Barbecue specialties are also well-prepared. Chicken ($14.95 for a half) is a mahogany-colored treat topped with a splash of the house barbecue sauce and made fall-off-the-bone tender by time spent in the smoker. Baby back ribs ($18.95 for half rack, $21.95 for a full rack) are as the barbecue judges say they should be: The meat comes from the bones with the mildest of tooth tugs.

Barbecue dinners come with a choice of two sides. I like the sweet potatoes, whipped light and richly sugared, as well as the flame-roasted sweet corn that comes to the table with grill marks and the flourish of husks still attached and flaring off the oversize plates.

Soup and salad are offered with the meal for $1 more, but in view of the size of the meals and the basket of buttermilk biscuits and apple-flavored butter that are served upon arrival, such fillers aren’t recommended.

In addition, there are the desserts. These behemoths are seemingly designed to be shared.

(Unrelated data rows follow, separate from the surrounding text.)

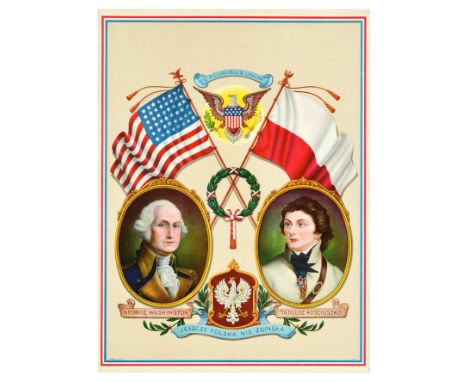 Original vintage propaganda poster featuring an illustration of the first President of the United States George Washington (1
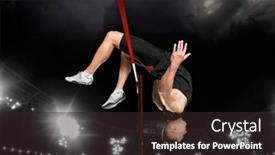  Presentation with high jump - Amazing PPT layouts having man-in-action-of-high backdrop and a wine colored foreground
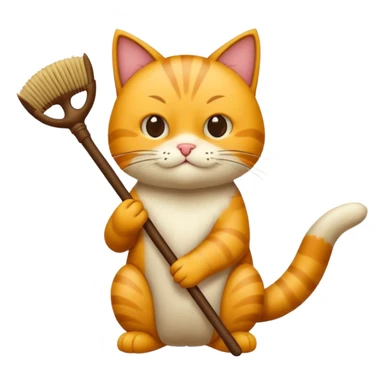 Un gato agarrando una escoba sticker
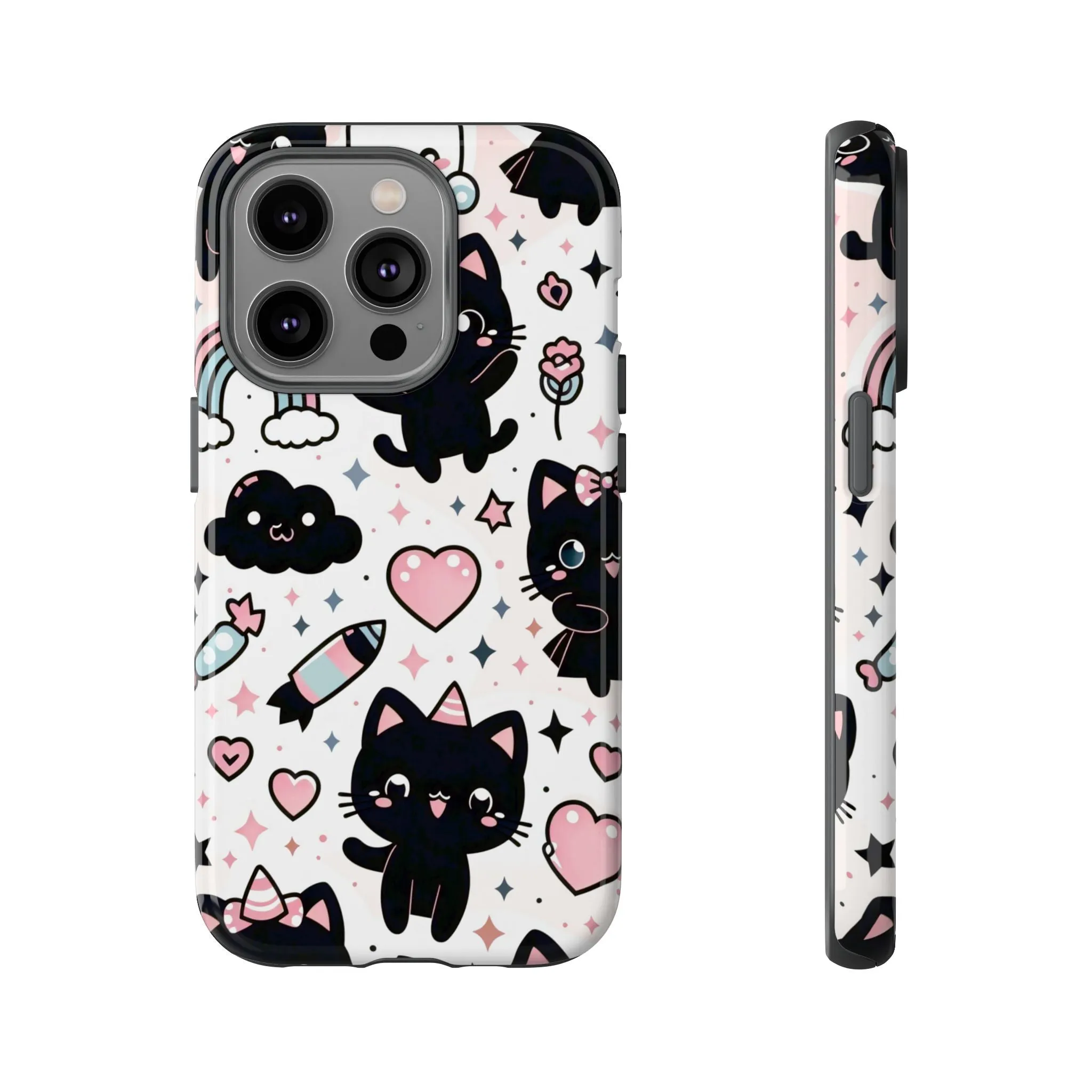 The Ultimate Kawaii Cell Phone Case: Spoil your phone with a pink background and black cats...because why not?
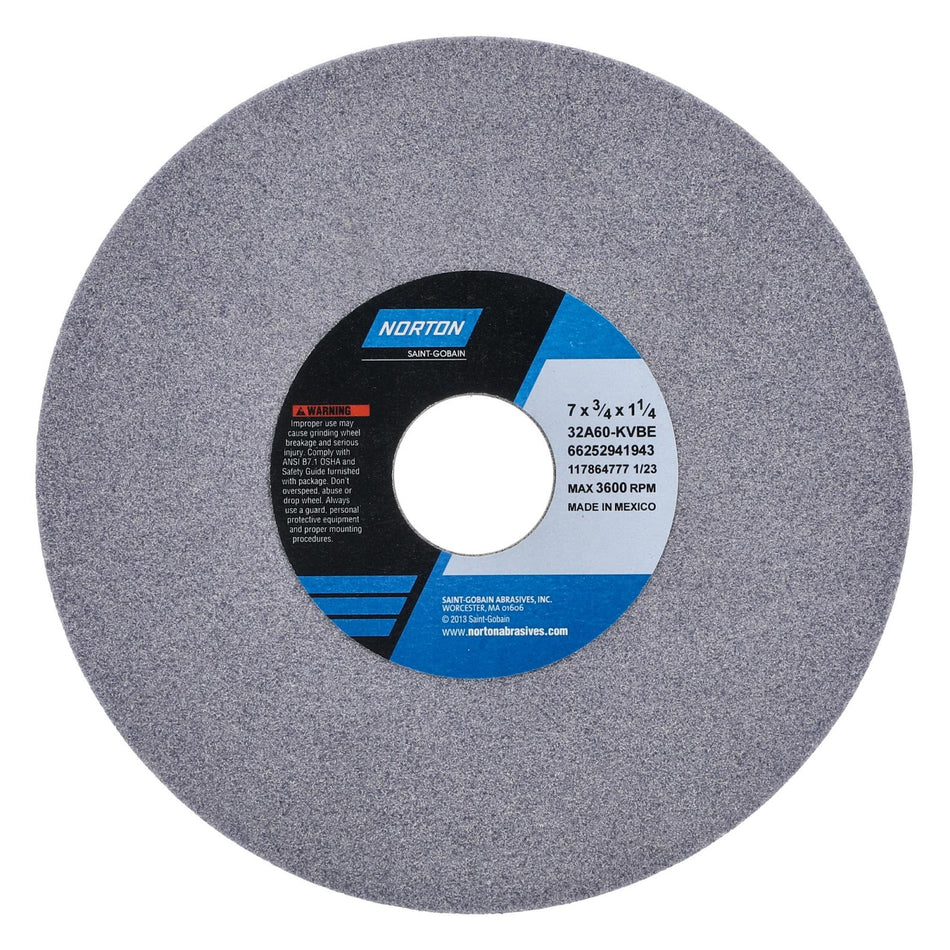 Norton 7 x 3/4 x 1-1/4 in Type 01 Toolroom Wheel 32A 60 K VBE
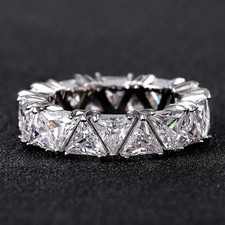 6Ct Trillion Cut Natural Diamond Solid 950 Platinum Luxury Eternity Band Ring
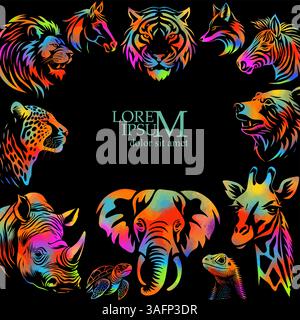 Rahmen mit bunten verschiedenen Tieren. Afrika färbte abstrakt mit Tieren. Handzeichnung. Nicht AI, Vektorillustration Stock Vektor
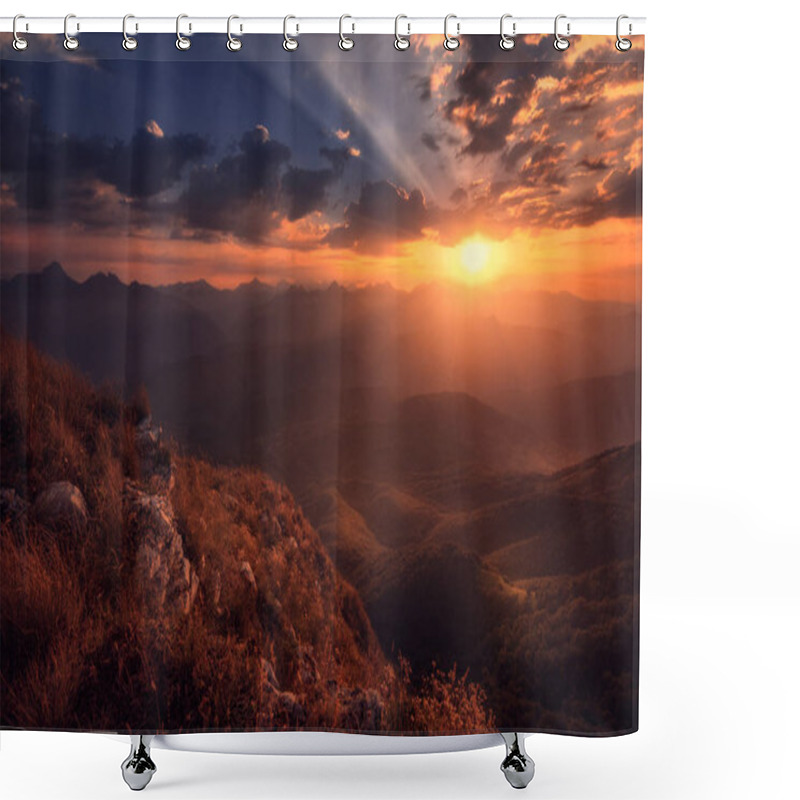 Personality  View Of The Caucasus Mountain Range In Racha, Georgia Shower Curtains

Peach cobbler ($5.95) comes with thick slices of the summer stone fruit in a thick syrup and a thick thatch of pale biscuit topping.

Melting over it all is a base-ball-size scoop of vanilla ice cream.

This is the food that made America big.

Our next visit comes after I’ve learned the truth about Lucille and Joe. The space is still a welcoming place with improbably small and attractive servers delivering massive portions of food with a smile. Even the beverages are large. The house-squeezed lemonade ($2.95) and the more refined strawberry lemonade ($3.45) are brought to the table in quart-size jars and include free refills.

At lunch, the place is less crowded than it was at dinner, and there’s a less-expensive, though abbreviated, lunch menu that includes a handful of sandwiches and barbecue selections with one side.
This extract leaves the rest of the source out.